▶ **LISTED ENTRIES**:
Start of Block

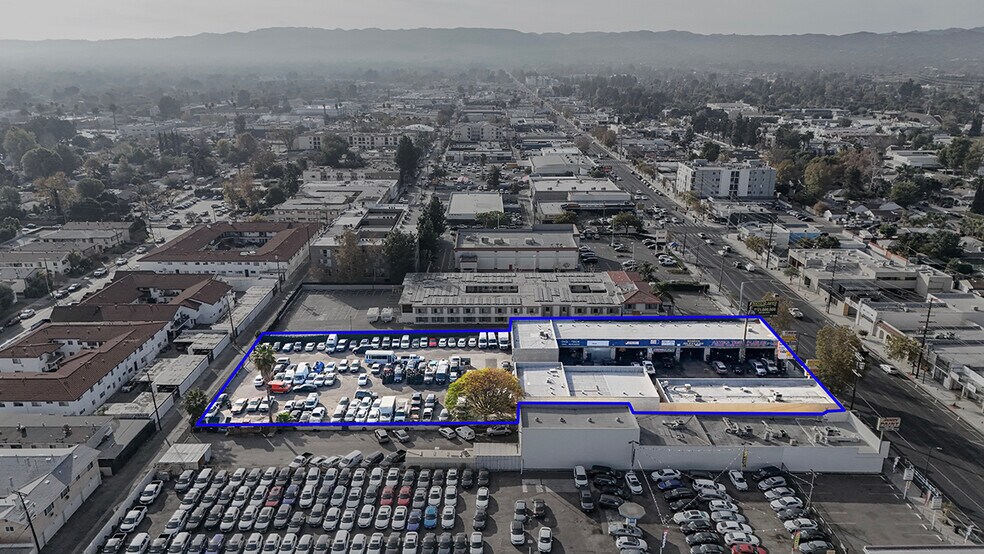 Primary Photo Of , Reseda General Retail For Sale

End of Block
Start of Block

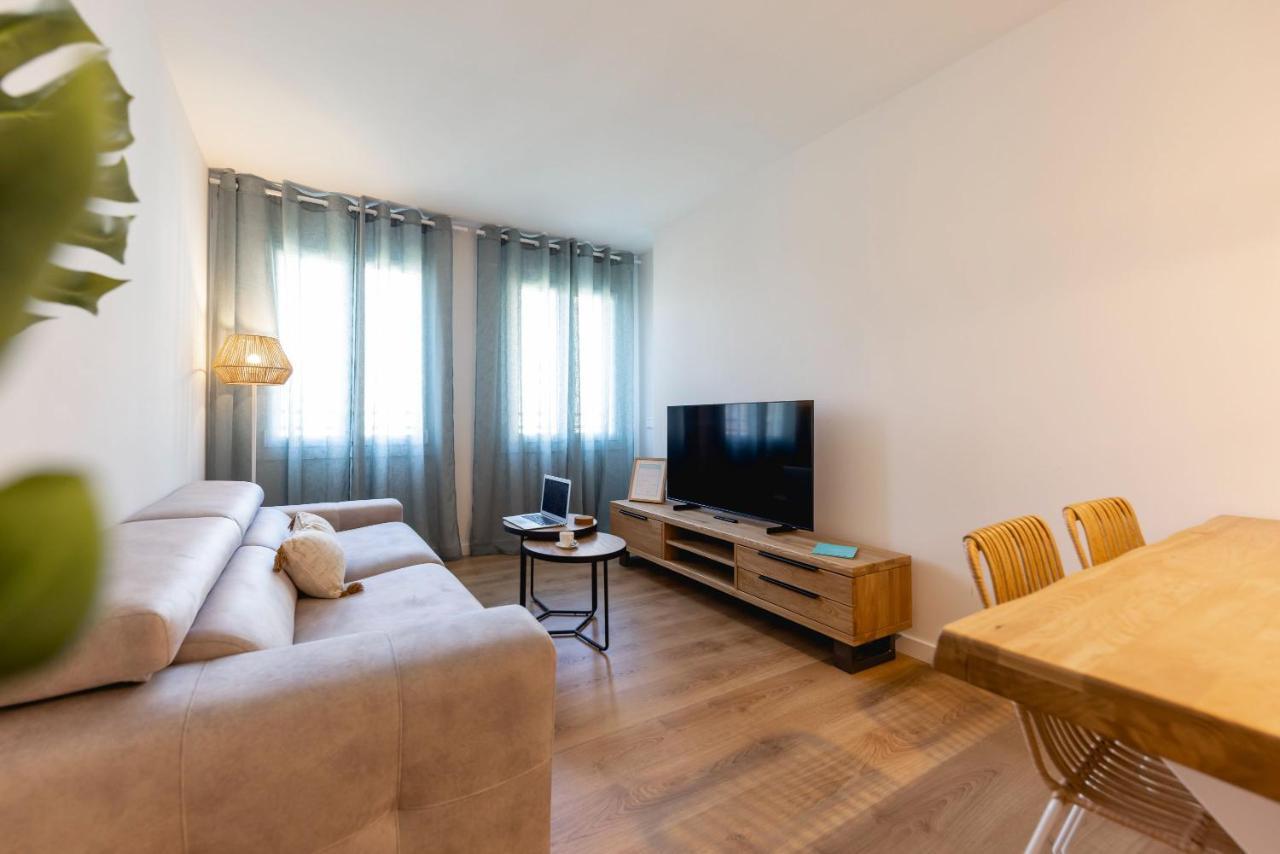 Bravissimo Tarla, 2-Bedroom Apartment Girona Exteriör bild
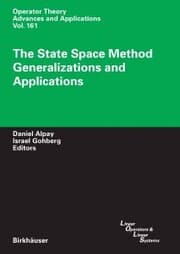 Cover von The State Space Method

End of Block
Start of Block

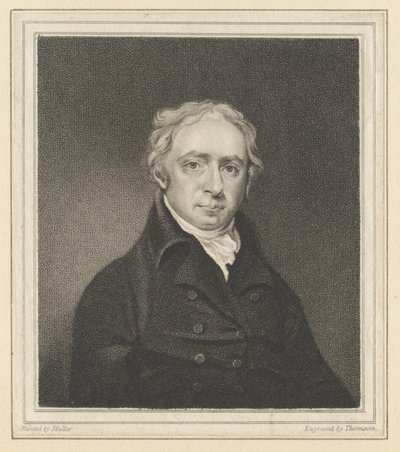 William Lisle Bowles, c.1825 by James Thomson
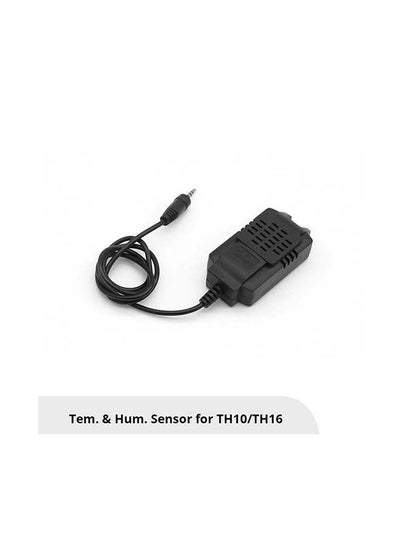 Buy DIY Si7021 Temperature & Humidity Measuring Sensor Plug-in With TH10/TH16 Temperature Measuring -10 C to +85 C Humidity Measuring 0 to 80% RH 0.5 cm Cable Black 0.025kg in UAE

End of Block

▶ **ASSIGNMENT**:
The lines to reproduce run from the one above containing "William Lisle Bowles, c.1825" through the one containing "Buy DIY Si7021". Copy them exactly and leave out all pictures.

▶ **EXERCISE RESULT**:
 William Lisle Bowles, c.1825 by James Thomson
 Buy DIY Si7021 Temperature & Humidity Measuring Sensor Plug-in With TH10/TH16 Temperature Measuring -10 C to +85 C Humidity Measuring 0 to 80% RH 0.5 cm Cable Black 0.025kg in UAE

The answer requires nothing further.